The statistics showed a pretty much similar traffic overhead to olsr. In
dense areas the overhead of bmx (with an originator interval of 1 second)
seemed even a bit less than that of olsr while at the edges of the mesh it
was the other way around.
>
> 5. Jitter is not compulsory, which may lead to persistent series of
> collisions.
It is indeed a problem in hidden node scenarios where 802.11 jitter does not
help ([4] might be interesting). But when packet aggregation is enabled OGMs
are hold back before being aggregated and rebroadcasted.
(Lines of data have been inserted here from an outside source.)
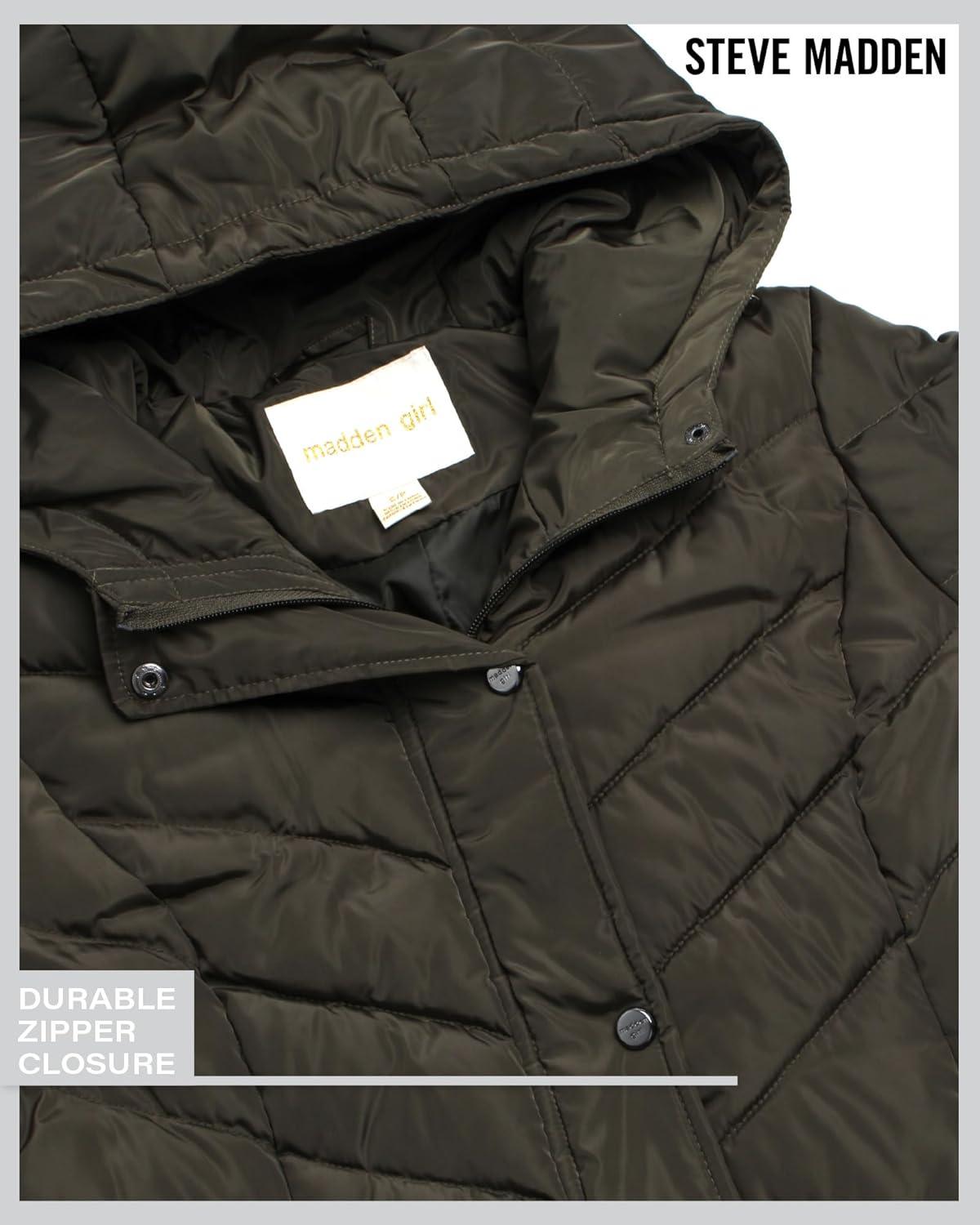 imageMadden Girl Womens Maxi Puffer Jacket  Long Quilted Puffer Coat Sizes S3XOlive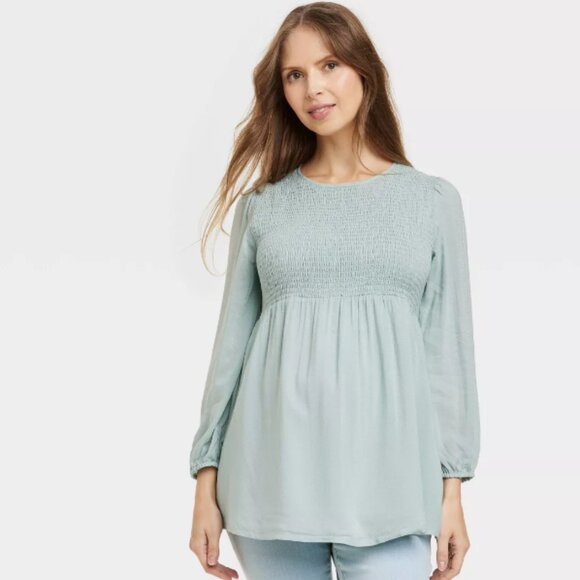 Ingrid & Isabel Tops - NWOT Long Sleeve Smocked Woven Maternity Shirt Isabel Maternity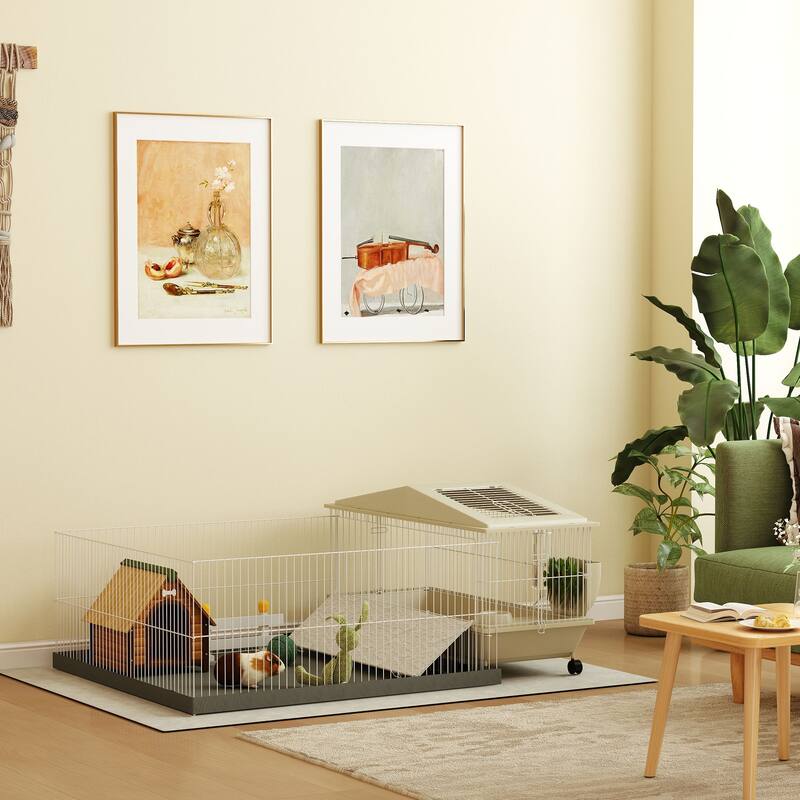 PawHut Small Animal Cage with Removable Pet Playpen, Guinea Pig Cage with Waterproof Pad, Hay Feeder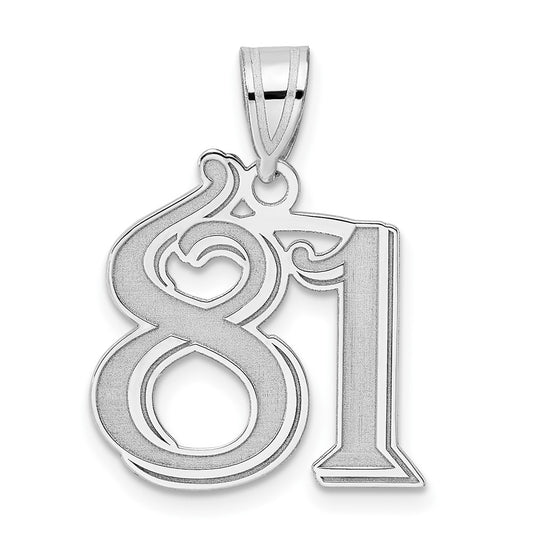 14kw Polished Etched Number 81 Pendant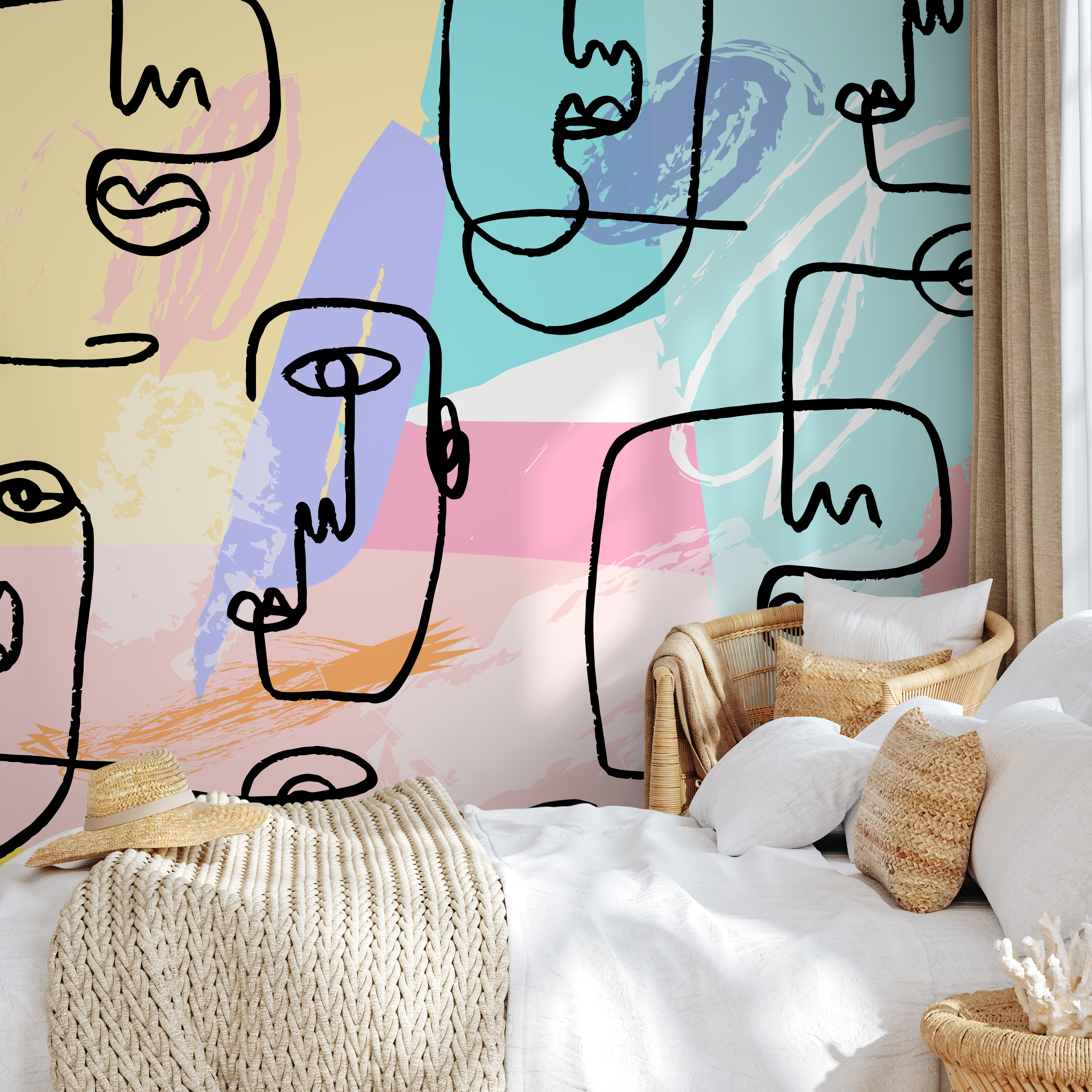 Abstract Wallpaper With Continuous Line Art Faces In Blue, Pink, And Purple - B501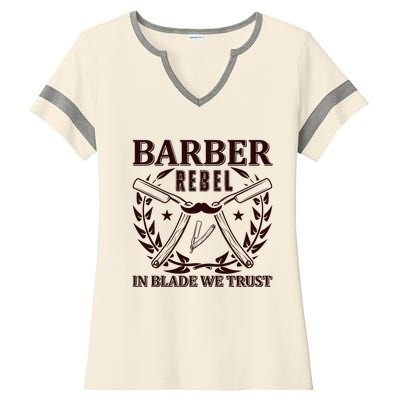 Barber Rebel In Blade We Trust Ladies Halftime Notch Neck Tee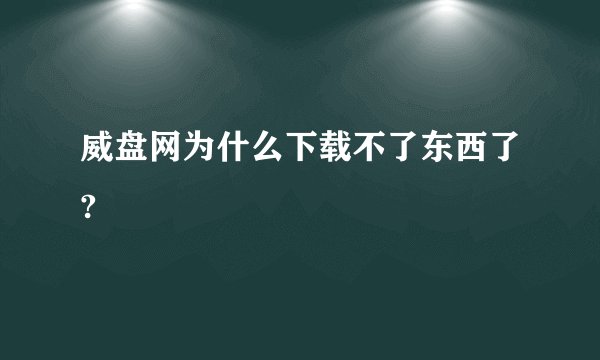 威盘网为什么下载不了东西了?
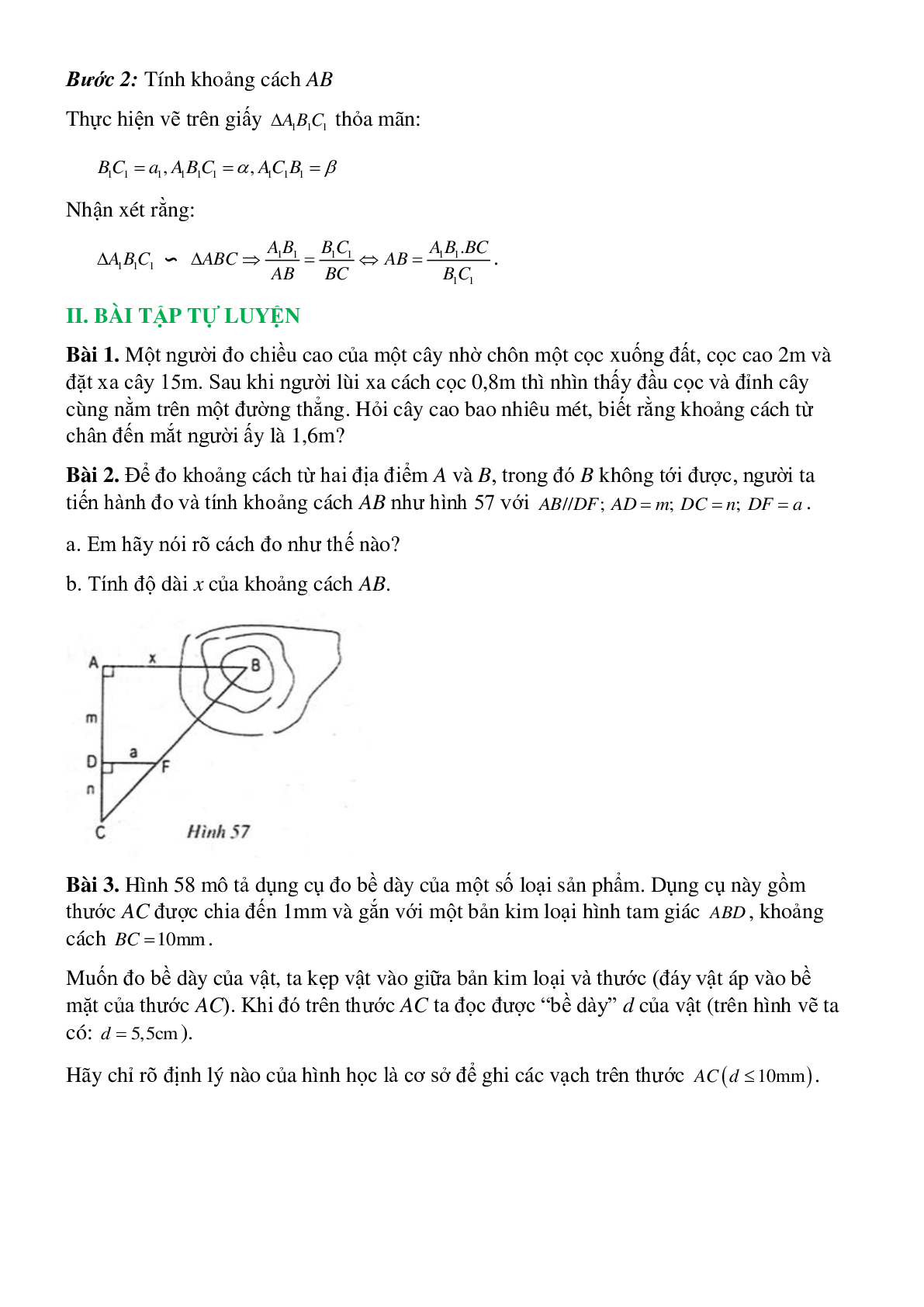 Lý thuyết Ứng dụng thực tế của hai tam giác đồng dạng - Toán 8 (trang 2)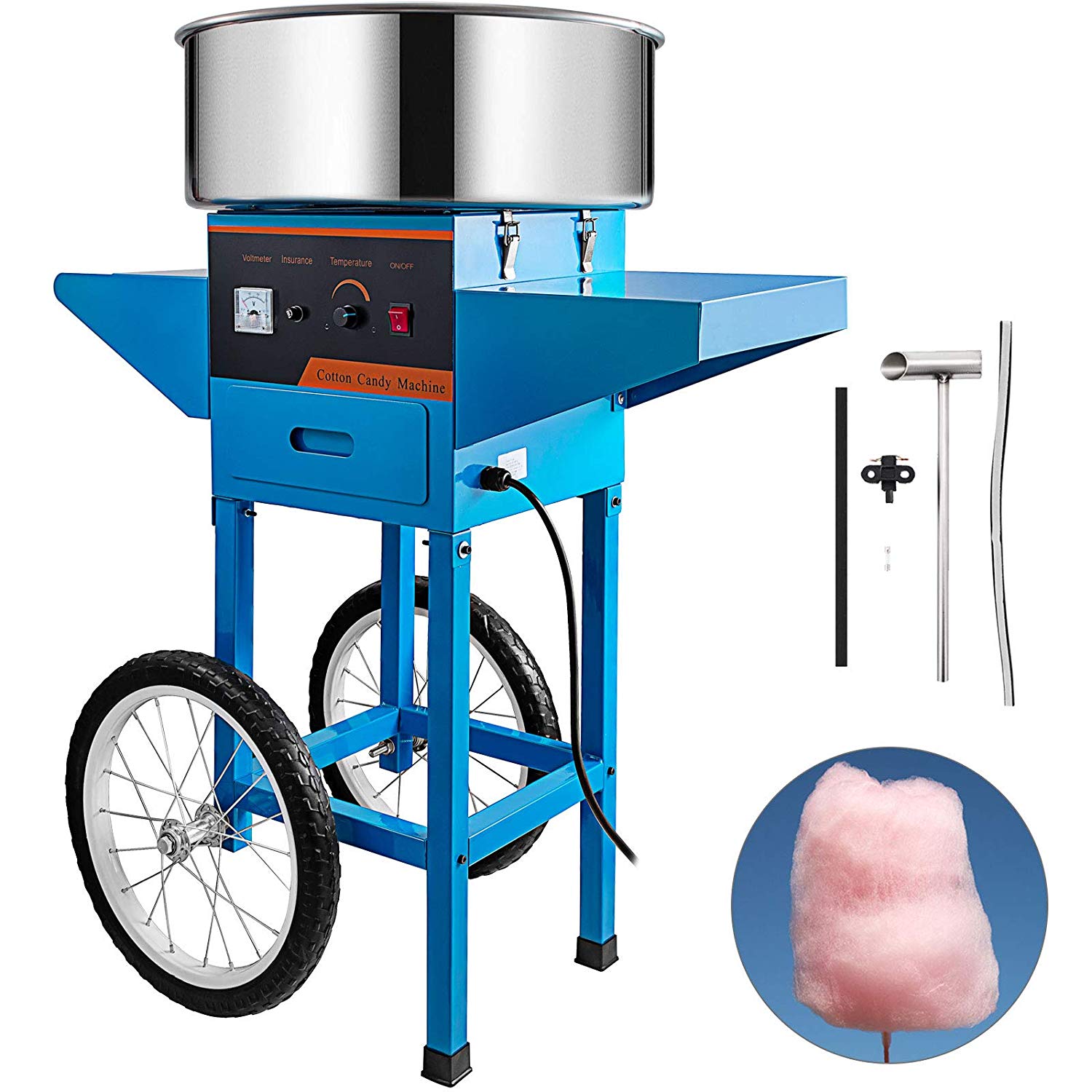 VEVOR Commercial Cotton Candy Machine with Cart Blue 110V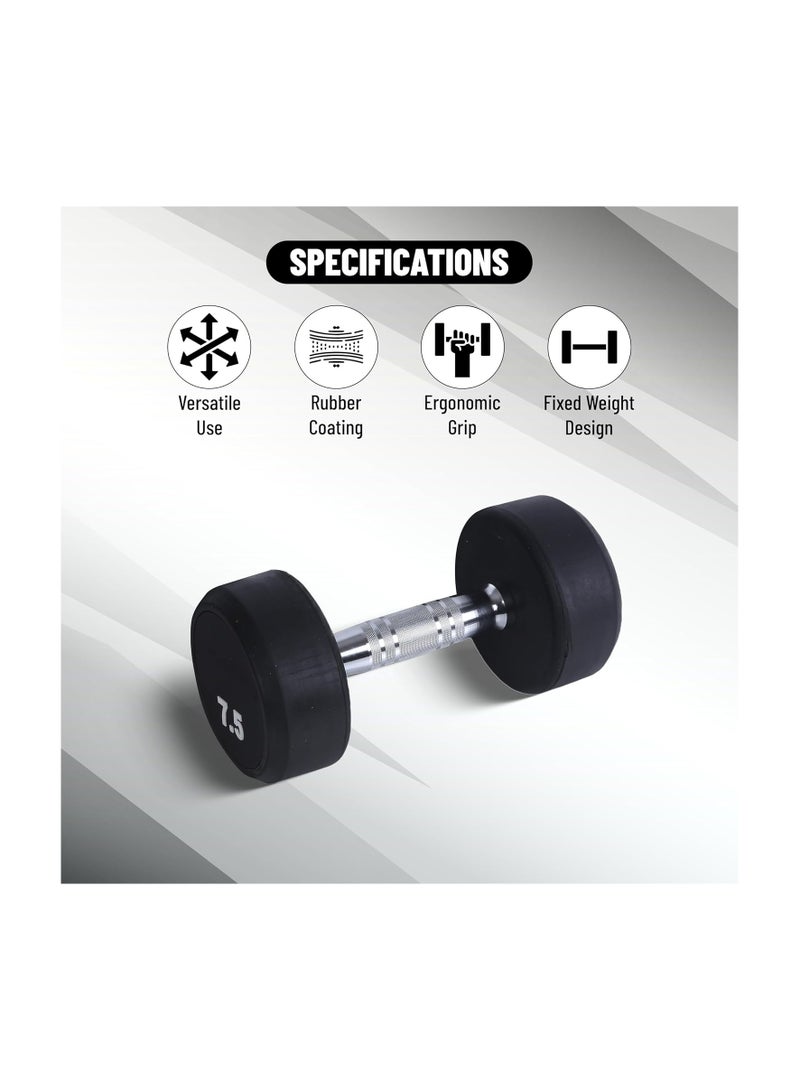 ENDLESS  7.5 Kg (16.5 Lb) Fixed Rubber Coated Bouncy Dumbbell | Black | Material: Iron And Rubber | Perfect For Bodybuilding, Fitness, Weight Lifting And Training At Home Or Gym | For Men And Women - Image 2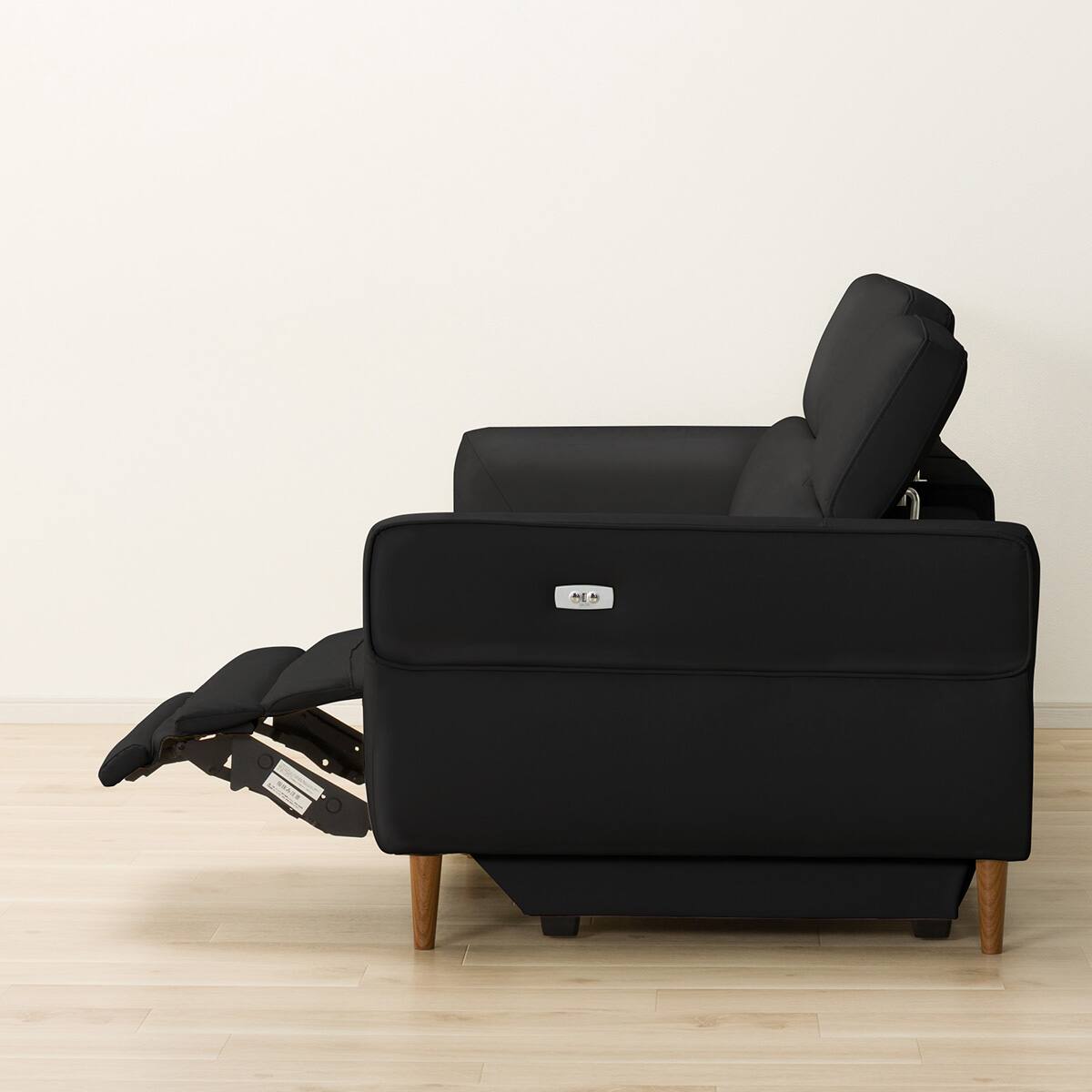 3人掛け電動リクライニングソファ 本革(一部合成皮革)タイプ (KK026 BK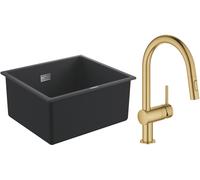 Set rubinetto da cucina Grohe Minta 32321GN2, lavello in granito Grohe K700 31653AP0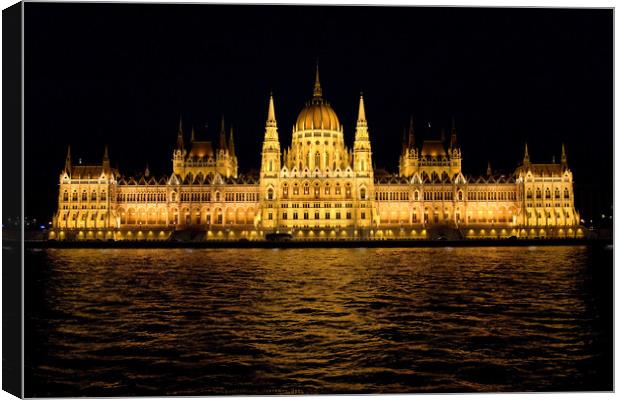 Hungarian Parliament Building Canvas Print by Tom Gomez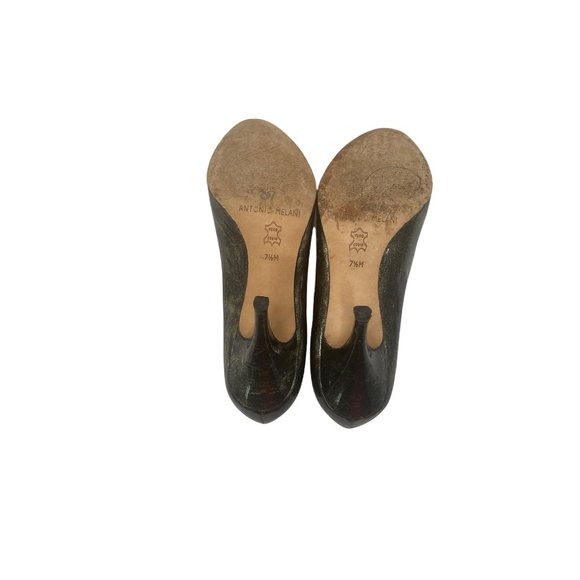 Antonio Melani Metallic Patent Leather Pumps Silver Size 7.5 M With 3” Heel - Picture 4 of 7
So you have an
inherent jitter anyway.
ciao,
axel
[1] WCW2007 Graz
http://open-mesh.net/batman/experience/WCWGraz2007/batman_Graz_WCW_2007.pdf
[2] Tradeoff: Long versus short but poor-link paths:
http://downloads.open-mesh.net/batman/development/sources/batmand-exp_0.3...
[3] The impact of asymmetric links:
http://downloads.open-mesh.net/batman/development/sources/batmand-exp_0.3...
[4] Re-broadcast delay:
http://downloads.open-mesh.net/batman/development/sources/batmand-exp_0.3...
>
>
> 1. Exponential convergence
> --------------------------
>
> Consider the following network topology, where all links have a 40%
> packet loss rate:
>
> A1---A2---A3---A4
> / \
> / \
> S C
> \ |
> \ |
> B1---B2---B3---B4--B5
>
> Assume an OGM broadcast interval of 1, C will receive one OGM from
> S every 13 seconds through the A route, and one OGM from S through the
> B route every 21 seconds.
>
> Suppose now that A1 crashes. Then C has no indication that the
> B route is better than the A route until the next OGM from S through
> B, which will happen after roughly 10 seconds on average.
>
> More generally, the time for C to switch to the fallback route is
> proportional to (1-a)^-k, where a is the per-link loss rate, and k is
> the number of hops on the fallback route.
>
>
> 2. Persistent loops
> -------------------
>
> BATMAN does not contain any loop avoidance mechanisms, nor any for
> loop detection. Because of that, BATMAN will cause routing loops in
> some cases which will last up to PURGE_TIMEOUT seconds (256 seconds by
> default).
>
> Indeed, consider the following topology:
>
> A
> l1/|
> / |
> S |l3
> \ |
> l2\|
> B
>
> Suppose also that l2 is a very lossy link, so that B has selected A as
> its next hop for S.
>
> S crashes, and A switches to B as its next hop for S. At this point,
> B is still using A as its next hop, so we have a temporary routing loop.
>
> After one window time, both A and B are performing opportunistic
> routing (Section 6.3.1 of the draft) and hence form a routing loop.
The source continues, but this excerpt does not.